Atualmente, em outra academia, para onde fui resgatada via facebook por minha professora (e amiga) lá do início da história, estou longe de fechar a quinta dos meus sonhos. Entendi que não dá pra lutar contra o tempo e me conformei. Então capricho na expressão, no alongamento, nos braços, (adoro ports des bras, souplessses, cambrés) me coloco o mais en dehors possível, procuro investir no sentimento que chega até mim através da música e dos passos, já que a técnica, bem, a técnica ainda tropeça bastante. Mas se a pirueta de quarta não aconteceu, se as pernas não saíram ao mesmo tempo no sissone ou se os braços do primeiro arabesque falharam, sempre resta a emoção de ter tentado. E a vontade de tentar outra vez. Para acertar definitivamente.
foto: reprodução
Não sou apaixonada apenas (!!!) pelas aulas. Espetáculos de dança (sempre a clássica em primeiro lugar) conseguem me hipnotizar. Gosto de tudo, de examinar cada detalhe, cada expressão, cada gesto. E de sonhar, sonhar, sonhar. Fico imaginando quantos anos de ensaio, quantas horas de aula e quanto sofrimento aquela criatura que está em cena (leve, ágil, serena e sorridente em seus muitos fouettés en tournant) precisou enfrentar. Talvez por isso sempre afirme que bailarinos são seres de outro planeta. Que desafiam o tempo e o espaço, desvendando da forma mais linda e delicada possível a mágica do movimento.

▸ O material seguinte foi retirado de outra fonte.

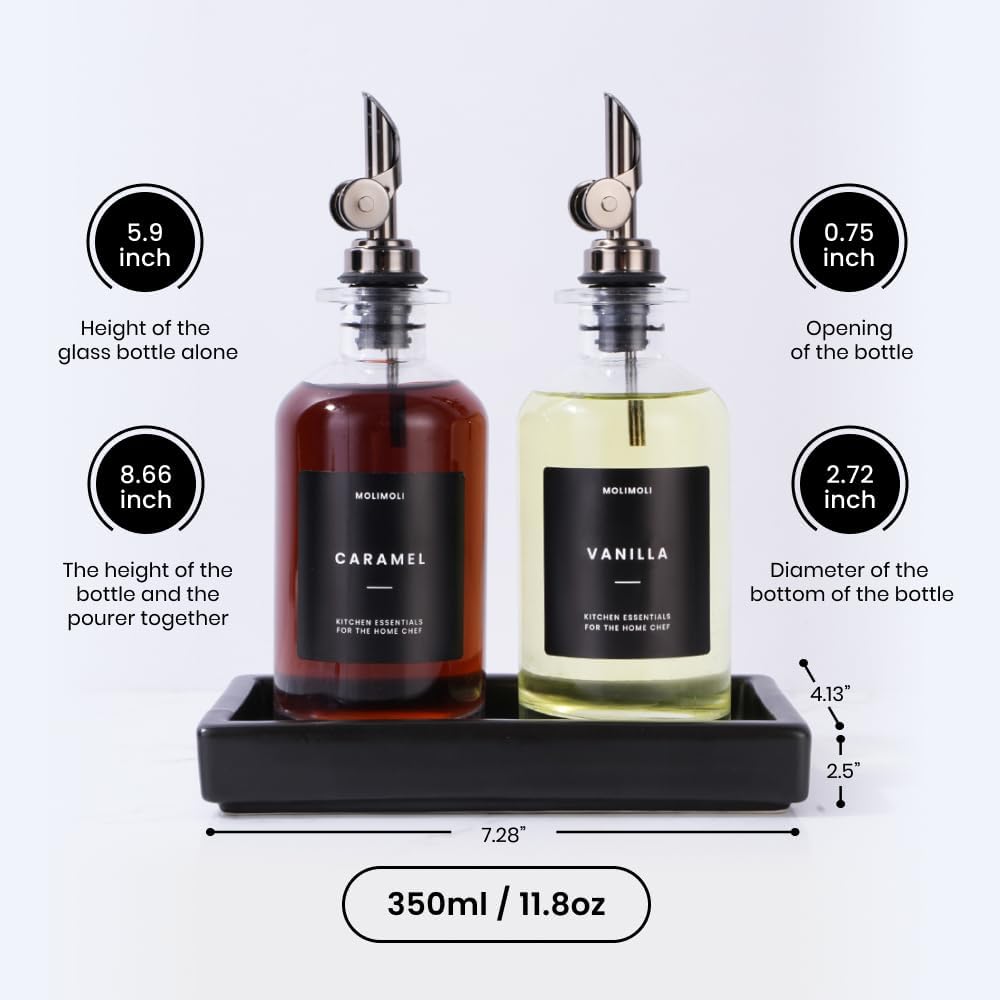 Molimoli - Premium Olive Oil Dispenser Bottles for Kitchen with Pourer - Oil and Vinegar Dispenser Set, Glass Dispenser for Kitchen, Dispenser Bottle of 350ml - Set of 2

Costumo dizer que troquei o analista pela sapatilha de ponta. Não estranhem. É que jamais conseguiria descrever com exatidão as sensações que aulas de ballet provocam em mim. Quem faz, quem faz lutando contra ideias pré — estabelecidas, quem “briga” por aquele pedaço da barra, quem vira o mundo ao contrário para não perder um segundo de aula ou quem dribla os próprios limites sabe do que estou falando. É como se eu recebesse uma carga extra de eletricidade, acompanhada de uma sensação de bem estar que o analista também dá, claro, mas de outra maneira. No final ambos buscam ninar um pouco a alma da gente. E este aconchego é certamente a melhor de todas as recompensas.
Afinal, a vida perderia a graça se não pudéssemos responder ao estranho chamado de “Prepara! 5, 6, 7, 8”.